Auparavant, il n’y avait pas de normes concernant la largeur des tissus, la limite physique était imposée par le métier à tisser. On tissait la largeur juste nécessaire pour faire le linge de maison, du drap au torchon : deux ourlets à faire, c’est mieux que quatre ! Ces bordures droites, ces lisières étaient si possible utilisées aussi en confection, le long des boutonnières par exemple. Et puis on peut même évoquer les rubans, qui sont finalement des tissus d’une largeur variant de quelques centimètres à quelques millimètres, avec leurs deux lisières bien mises en évidence.

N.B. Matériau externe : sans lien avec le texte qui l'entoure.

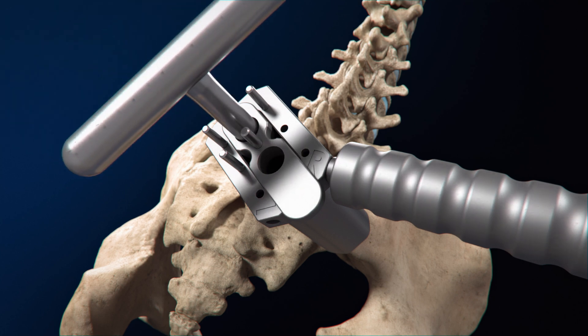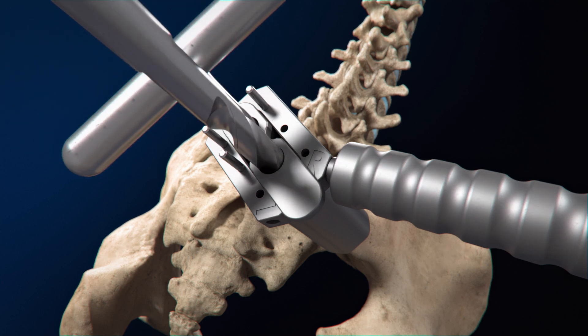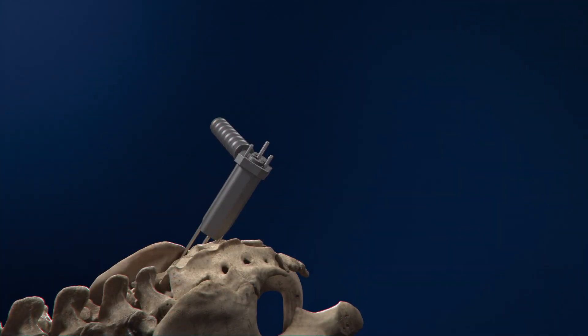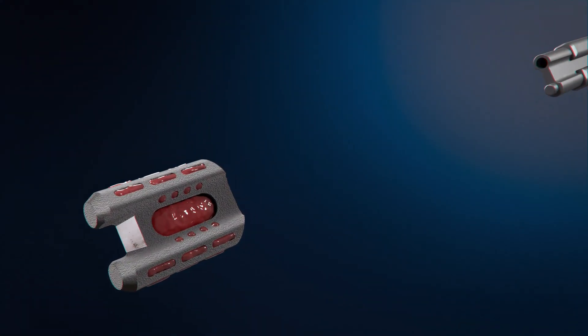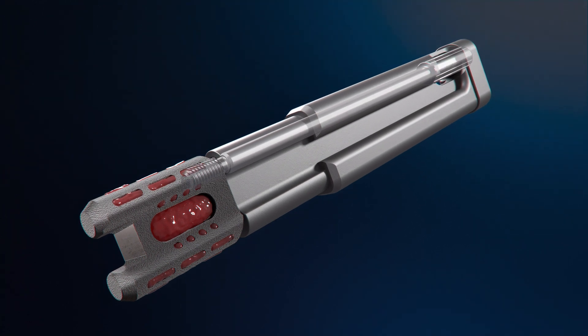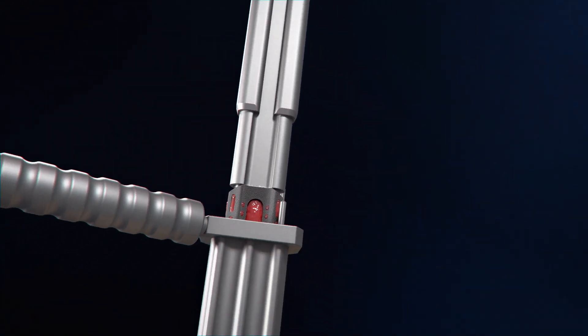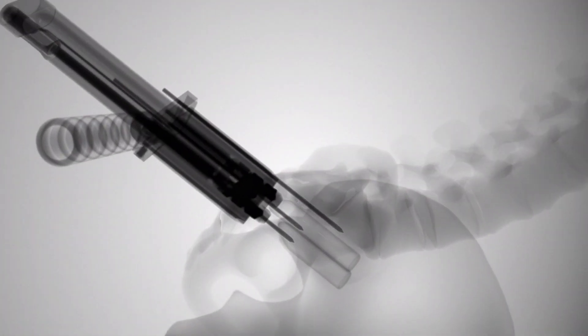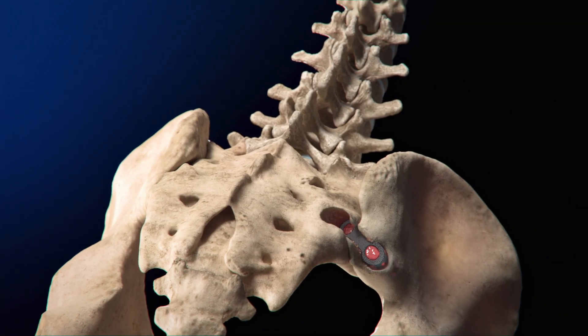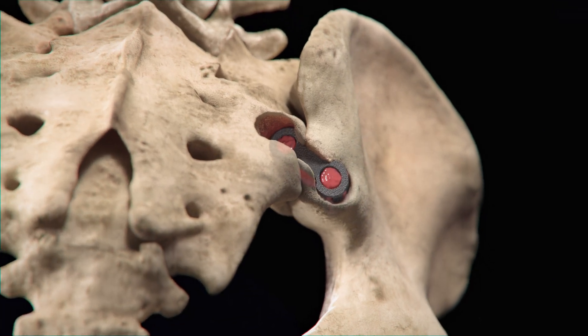A temporary pin maintains position as the second pontoon channel is drilled. The drill guide and graduated guide wire are removed. The Catamaran's open framework and fenestrations are designed to be filled with bone graft to promote bony ingrowth. The inserter screw is threaded into the Catamaran implant and delivered into the access sleeve as the implant is tapped into position. The osteotome bridge is designed to decorticate the joint, transfixing the SI joint.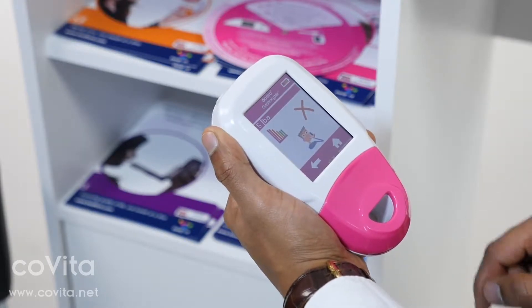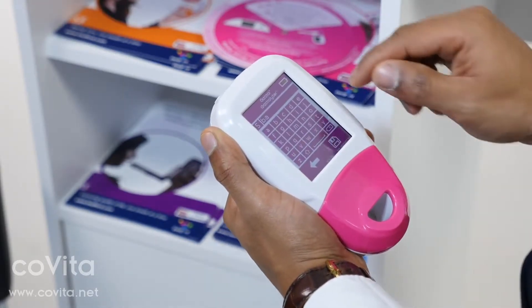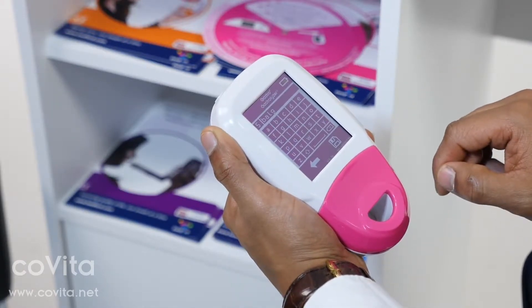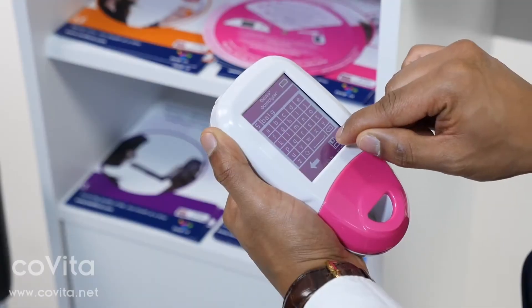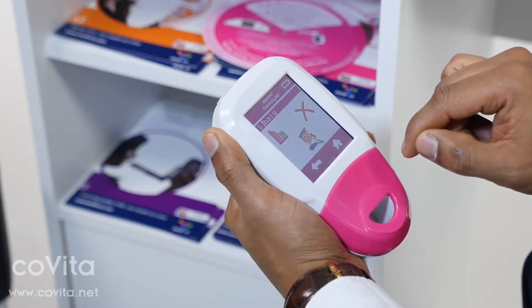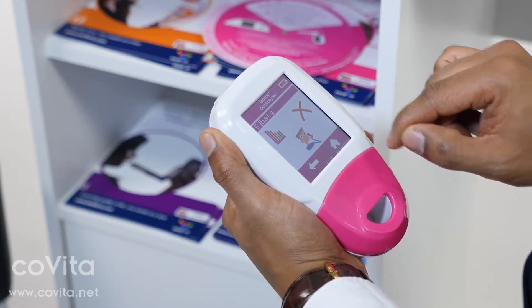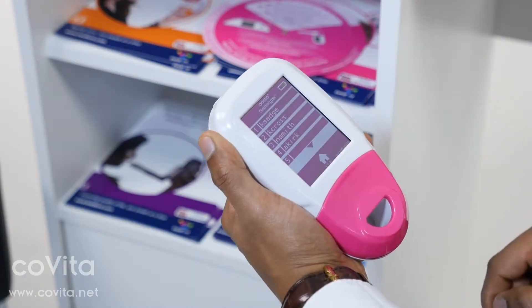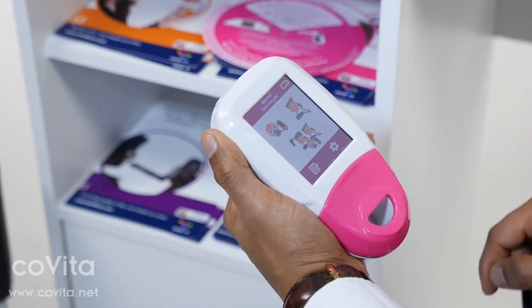To change their name, click on their name at the top of the screen and use the keypad to edit. Once you are happy with the changes, click Save to register them or the back arrow to cancel. To delete a patient, simply click on the X whilst on their patient profile and click X again to confirm.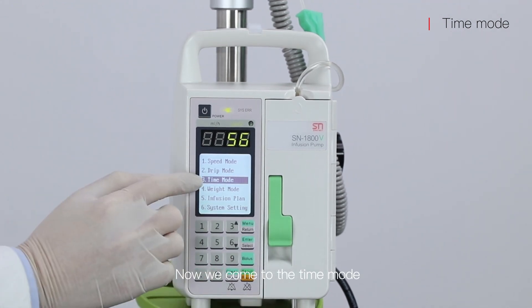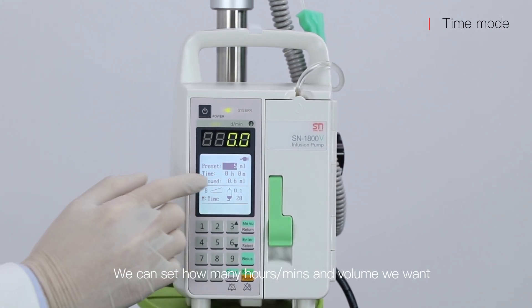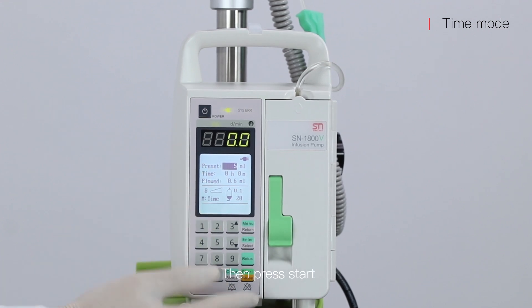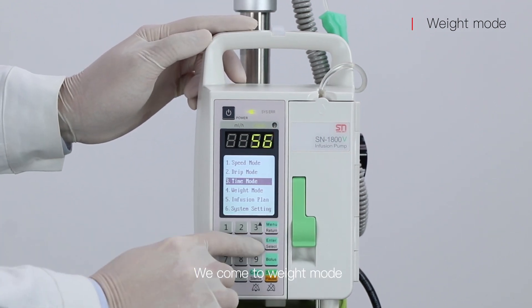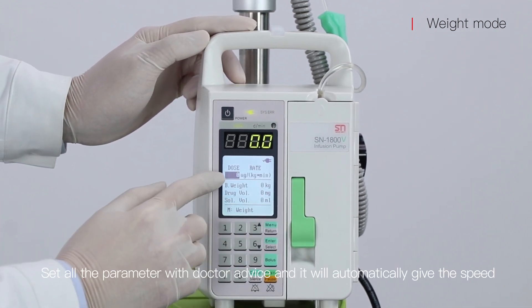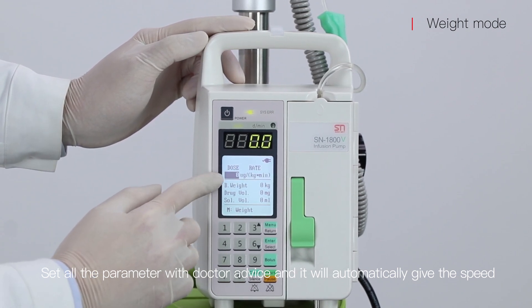Now we come to the time mode. We can set how many hours, minutes, and volume we want, then press start. We then come to wait mode — set all parameters per doctor's advice and it will automatically calculate and deliver at the correct speed.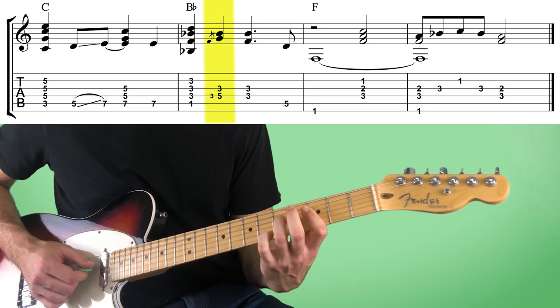Now on this B flat chord, the embellishment we're going to play is barring down an F and a B flat on the third fret of the fourth and third strings. And while we're barring that down, we're going to hammer on to the fifth fret on the fourth string, which is going to give us a G and a B flat note. The G is the sixth on that B flat chord, which is a really nice bluesy sounding tone to play over it. And the hammer on also gives it an extra bit of a blues flavor.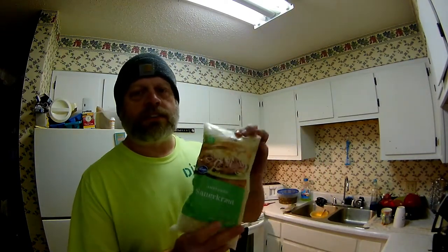What's up YouTube? How's everyone doing today? I'm doing well, thank you for asking. Today we're going to do a little cooking video — something that I love to eat once in a while, and that is sauerkraut.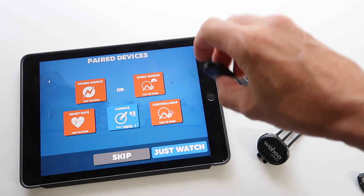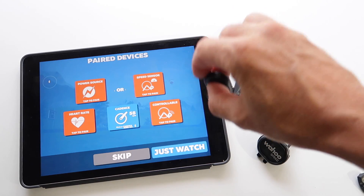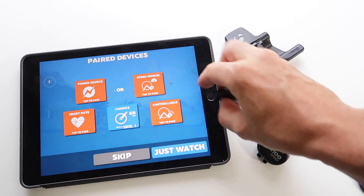Thirdly, make sure the device is awake. These things will go into sleep mode pretty quickly and they need to be active to be broadcasting on Bluetooth. So a bit of a spin of the cranks, or a turn of the wheel, or plugging your heart rate monitor strap on — it should be good to go.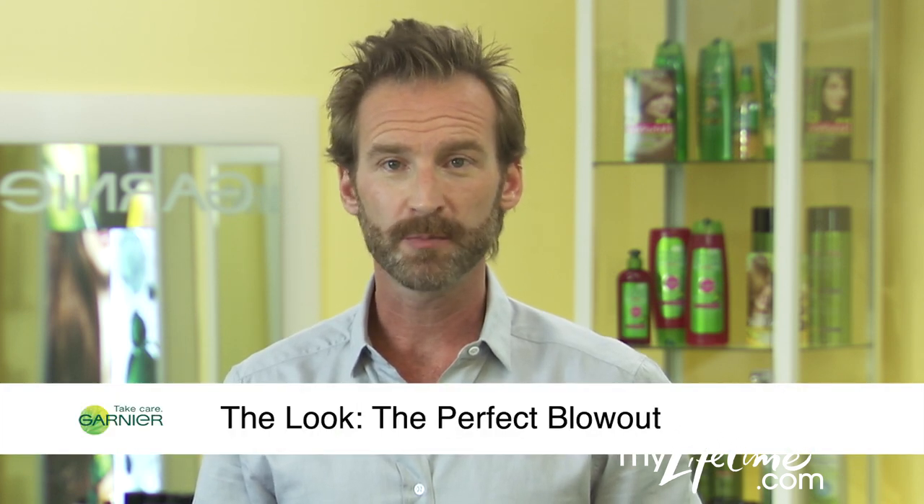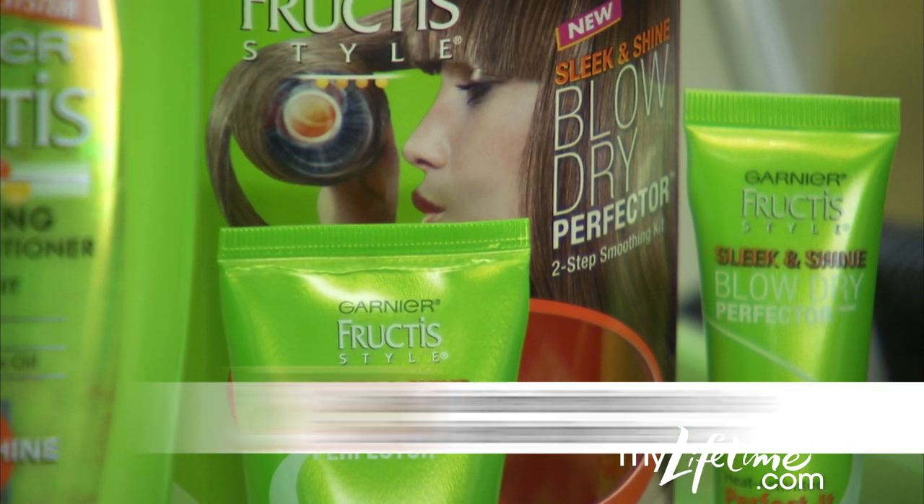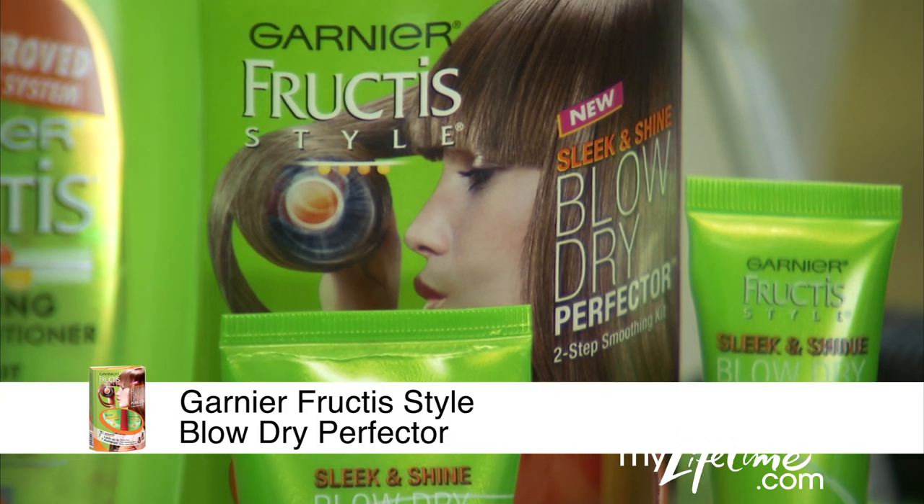I'm Peter Butler for Garnier. Everyone loves a great blowout, and everyone loves to save time in the morning. Why not get both at the same time using Garnier's new two-step at-home smoothing kit, the Sleek and Shine Blow-Dry Perfector.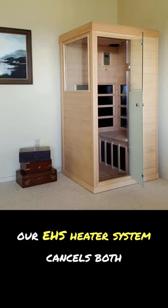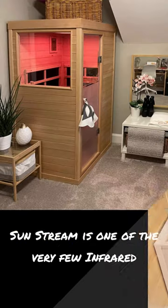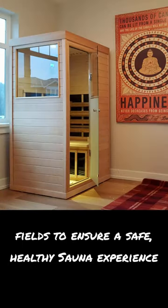Our EHS heater system cancels both EMF magnetic fields and ELF electric fields. Sunstream is one of the very few infrared sauna brands to cancel both magnetic and electric fields to ensure a safe, healthy sauna experience.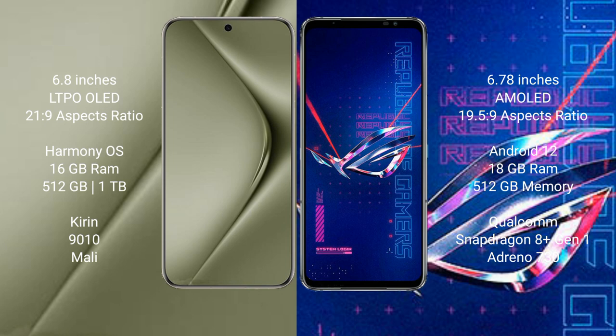Huawei Pura 70 Ultra comes with 16GB RAM and 512GB or 1TB internal storage, with a Kirin 9010 processor and Mali GPU. Asus ROG Phone 6 Pro comes with 18GB RAM and 512GB internal storage, powered by a Qualcomm Snapdragon 8 Gen 1 processor and Adreno 730 GPU.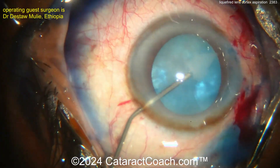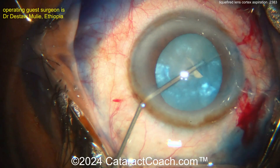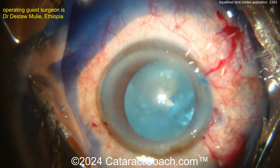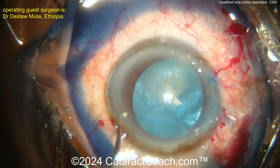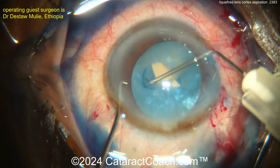That was removed going from the other side as well — you can aspirate more. Remember to rock the nucleus, because there's still liquefied lens cortex behind the nucleus, between the nucleus and the posterior capsule. It's important to release all that fluid. Great job here — now you can go inside and complete the capsulorrhexis.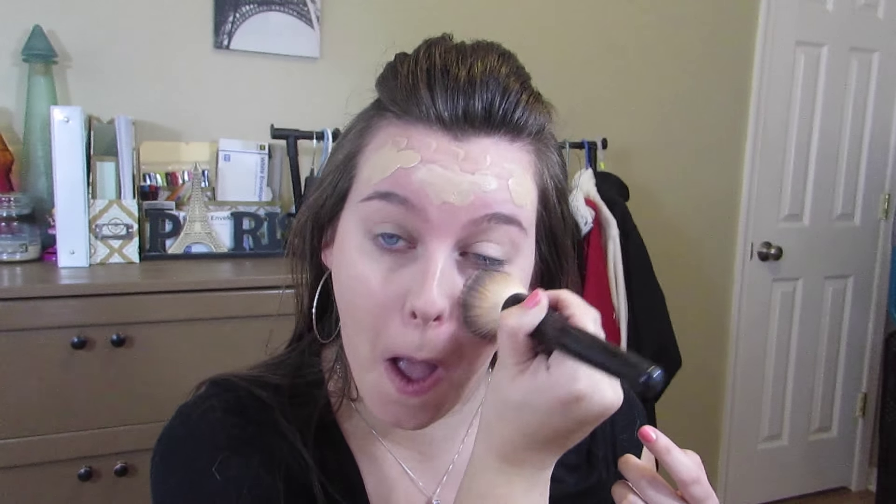Next I'm going to be taking my tried and true foundation, L'Oreal True Match, using two colors: W3 for the lighter parts of my face and W4 for the darker parts, just to give me some dimension. Then I'm taking a buffing brush and buffing that completely into the skin. I believe it's a Coastal Scents brush — it really picks up extra product and works in what you do have on your skin.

A chaque fin de vie de drap, on récupérait les bords (moins usés que le centre) et on conservait toutes les lisières qui étaient restées bien solides. L’usage en était tellement banal qu’il est difficile d’en trouver des traces écrites. Mais les langes de bébé, ces carcans invraisemblables, étaient la plupart du temps des lisières de draps. Seuls les bébés nés dans des familles aisées avaient droit à de la dentelle sur les langes, mais ils étaient tout autant entravés… et rarement changés.
Les lisières étroites avaient aussi le rôle de ficelle. Toujours pour les bébés, elles maintenaient le bébé dans le berceau :
On garde en mémoire, dans la littérature ou la peinture, trace de l’utilisation des lisières comme brides pour tenir les enfants en laisse lors de leurs premiers pas.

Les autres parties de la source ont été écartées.